Some of this stuff performs very well, and is heavy used. Stateless ejb seems the most used here at Gioorgi.com when our customers ask us EJB implementation.

EJB implementation was trained by big vendor with a lot of expertise on transaction monitor: complex stuff able to scale and manage transaction. Tipically such vendor (IBM, Tibco, etc) was managing banking transaction, so in that context consistency was a major concern.

Then...the  Father of Java (Goslin) was hired by Google :) Is something changing?

Yes, it is: in the last years  eBay, Amazon, and Facebook needed to scale at the maximum rate. Google Search engine  is another story because initially it was a read only query, so it needs to scale but with a better set of constraints. (in the last year Google started real-time upgrade to their index, and faces similar issues).

In this  article, we will try to explore the NoSQL mantra. So let's start. Your comments will be welcome! What is your experience? Keep in mind NoSQL is not a standard, its like more a "tag" a descriptive label.  All the NoSQL database differs each other, so we faced some difficulties harvesting information out of there.

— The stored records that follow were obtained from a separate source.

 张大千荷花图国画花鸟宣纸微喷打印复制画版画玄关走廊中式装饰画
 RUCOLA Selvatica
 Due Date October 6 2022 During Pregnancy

Focusing on Database, the first thing to consider is the Brewer's CAP Theorem:

The CAP theorem, also known as Brewer's theorem, states that it is impossible for a distributed computer system to simultaneously provide all three of the following guarantees:[1][2]

  • Consistency (all nodes see the same data at the same time)
  • Availability (node failures do not prevent survivors from continuing to operate)
  • Partition tolerance (the system continues to operate despite arbitrary message loss)

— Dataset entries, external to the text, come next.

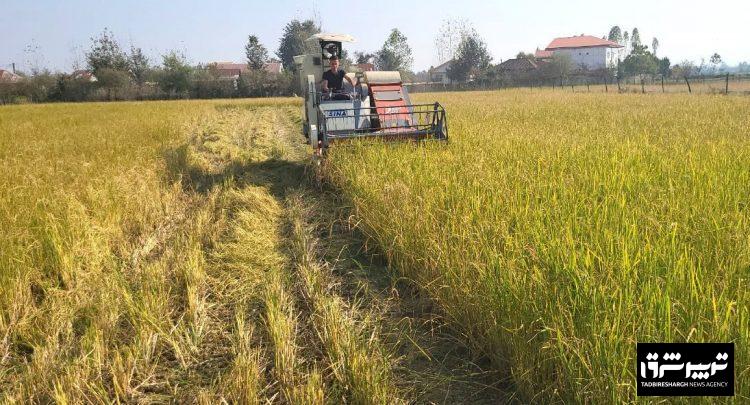 افزایش میلیاردی درآمد شالیکاران گیلانی با کشت دوم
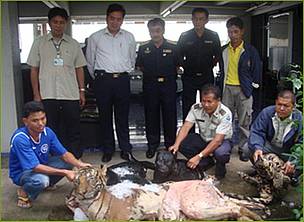 Mr. Anusit Kanjanapol (standing, centre) leads the Royal Thai Customs Officers team who confiscated ...
© PeunPa Foundation Mr. Anusit Kanjanapol (standing, centre) leads the Royal Thai Customs Officers team who confiscated ...
© PeunPa Foundation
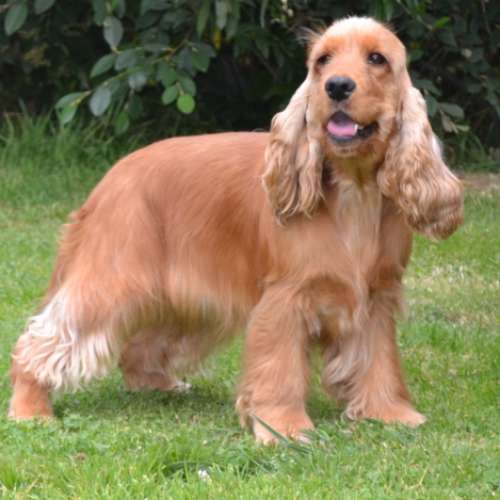 Elevage du bois de morchêne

According to the theorem, a distributed system can satisfy any two of these guarantees at the same time, but not all three.[3]

Normally relational databases try to take the first two. The easiest implementation is a master/slave replication on which if the master fail the slave can recover. But if the cable between master and slave is cut by a wererabbit, your infrastructure is broken. You slave cannot be synced and if your master go down you are in disgrace, even with slave working... a true distributed system would avoid this. Apache Cassandra take the last two, loosing Consistency at 100%. Google's Big Table and MongoDB drops Availability at 100%

Anyway some NoSQL can "tune" this option: for instance on Cassandra you will be able to say how much replicas in the cluster you want consistent. This is quite important. Big Table could lost Availability of some data, but for a very short time! (BigTable is a consuing on its documentation, so I will avoid to do more deeply analysis).

Is NoSQL best fit for your next project? This question is very difficult, also because there are not yet best practices and/or pattern to follow and explore, but a lot of them do not seems to pay the bill yet.

Take a look also at this other comparation, which is a bit biased in favor of Mongodb.

So the conclusion is: stay and wait, NoSql is still not yet mature.